Hadoop Archive, referred to as HAR, is a file archiving tool that efficiently puts small files into HDFS blocks. It can package multiple small files into a HAR file, thus reducing the use of namenode memory while still allowing transparent access to files.

# used to control whether the archive is available or not. Set hive.archive.enabled=true;# informs Hive whether the parent directory can be set when creating the archive. Set hive.archive.har.parentdir.settable=true;# controls the size of the file to be archived. Set har.partfile.size=1099511627776;# uses the following command to archive ALTER TABLE An ARCHIVE PARTITION (dt='2020-12-24 files, hr='12'). # restore the archived partition to the original file ALTER TABLE A UNARCHIVE PARTITION (dt='2020-12-24, hr='12')

Note:

The archived partition can be viewed and cannot be insert overwrite. You must first unarchive.

Last

If it is a new cluster and there are no historical problems, it is recommended that hive use the orc file format and enable lzo compression.

In this way, too many small files can be quickly merged using the hive native command concatenate.

On how to solve the problem of too many hive small files to share here, I hope that the above content can be of some help to you, can learn more knowledge.
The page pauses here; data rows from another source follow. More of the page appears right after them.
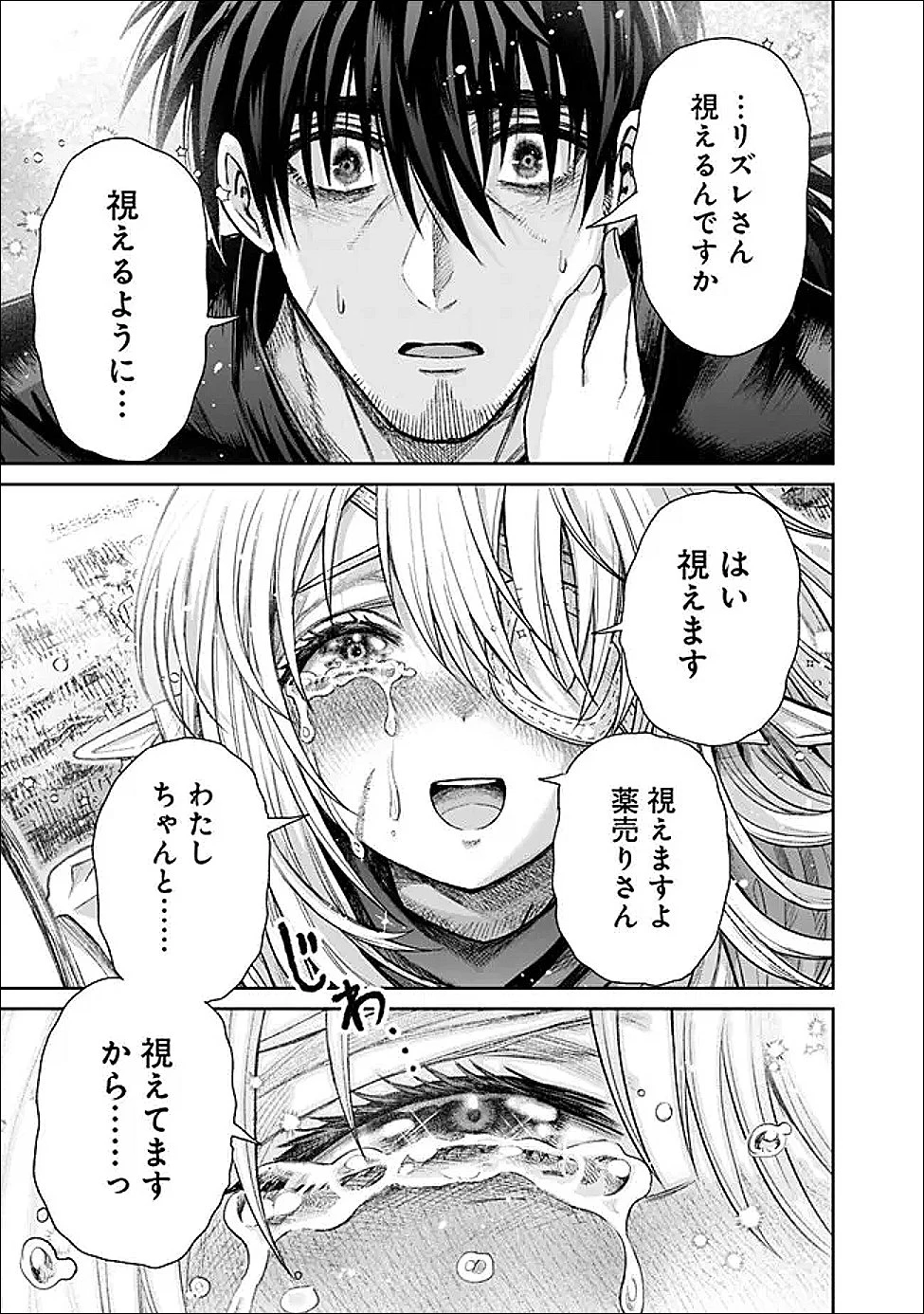 ボロボロのエルフさんを幸せにする薬売りさん 第18話 - 17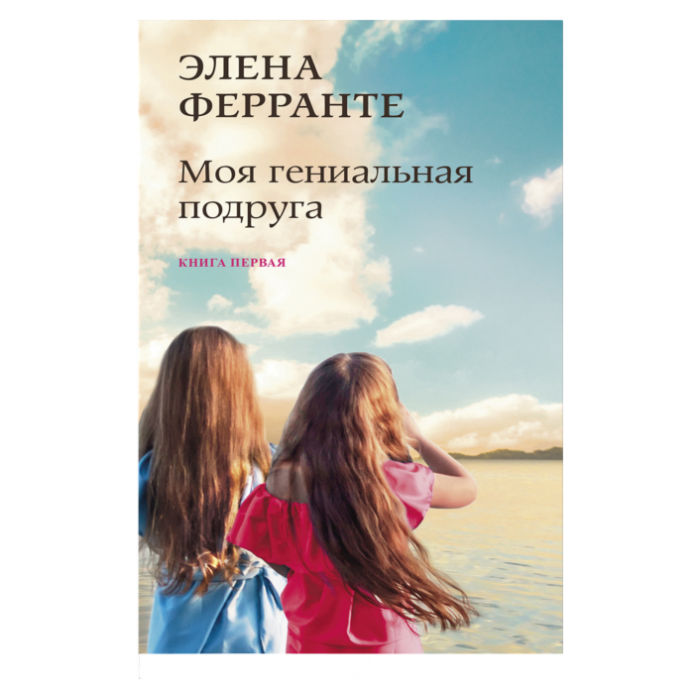 Моя гениальная подруга
(Книга первая из серии
''Неаполитанский квартет'')_ My Brilliant Friend (Napoliten Quartet Serisinin 1.Kita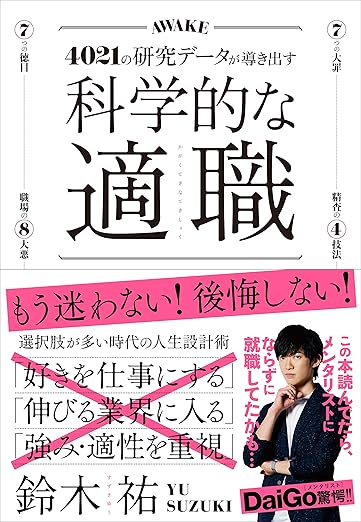 『キャリアを描く|『科学的な適職』』の表紙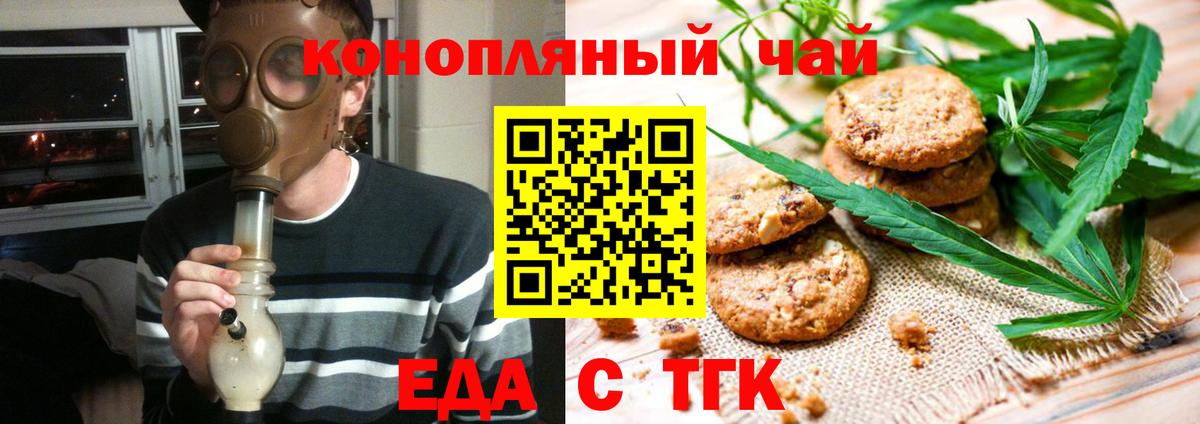 Canna-Cookies конопля  Вход с VPN  Зеленогорск 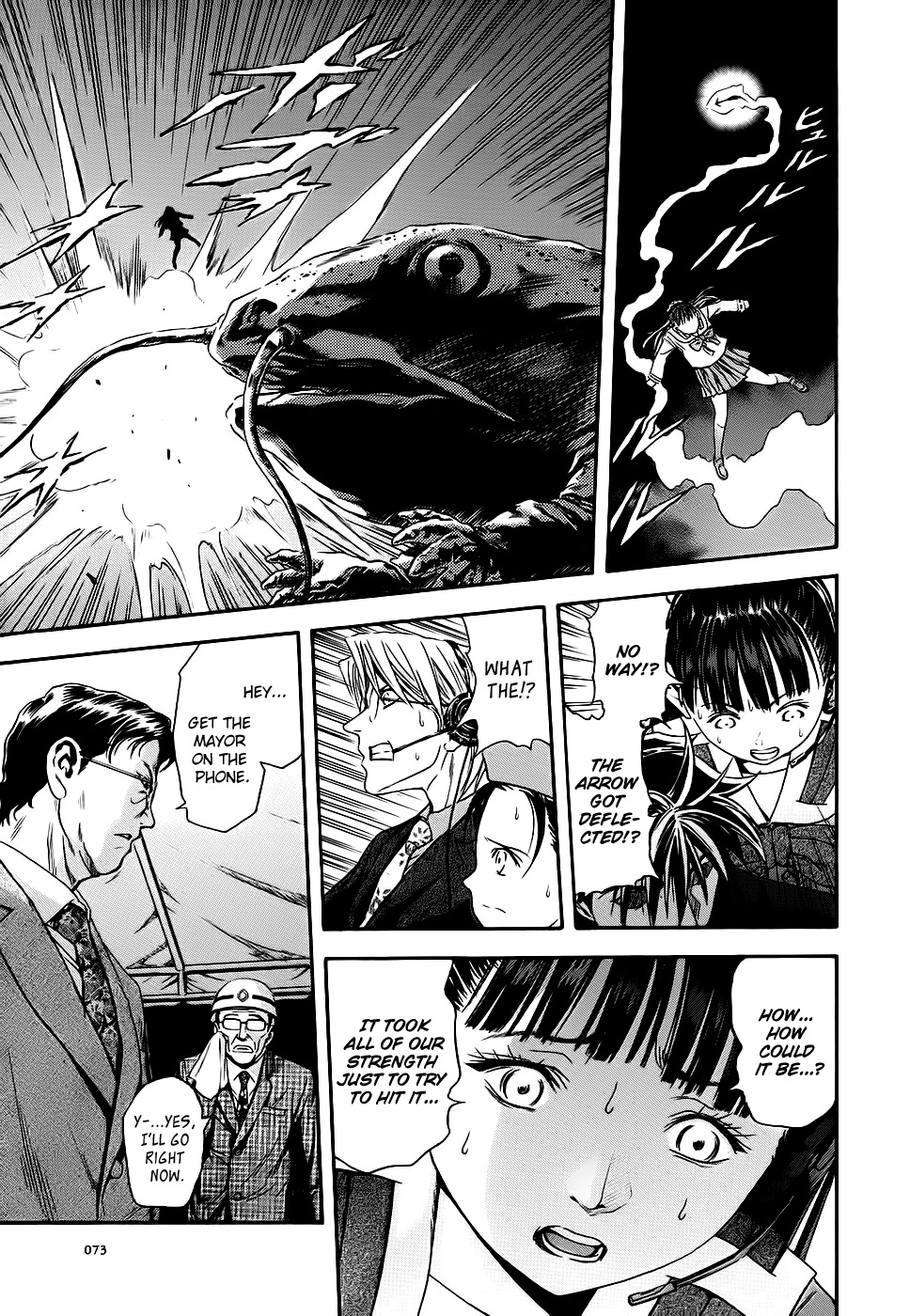 Otogi Matsuri Chapter 40 page 15 - Chapter 40: The Last Line of Defense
If you think the article is good, you can share it for more people to see.

Welcome to subscribe "Shulou Technology Information " to get latest news, interesting things and hot topics in the IT industry, and controls the hottest and latest Internet news, technology news and IT industry trends.

*The comments in the above article only represent the author's personal views and do not represent the views and positions of this website. If you have more insights, please feel free to contribute and share.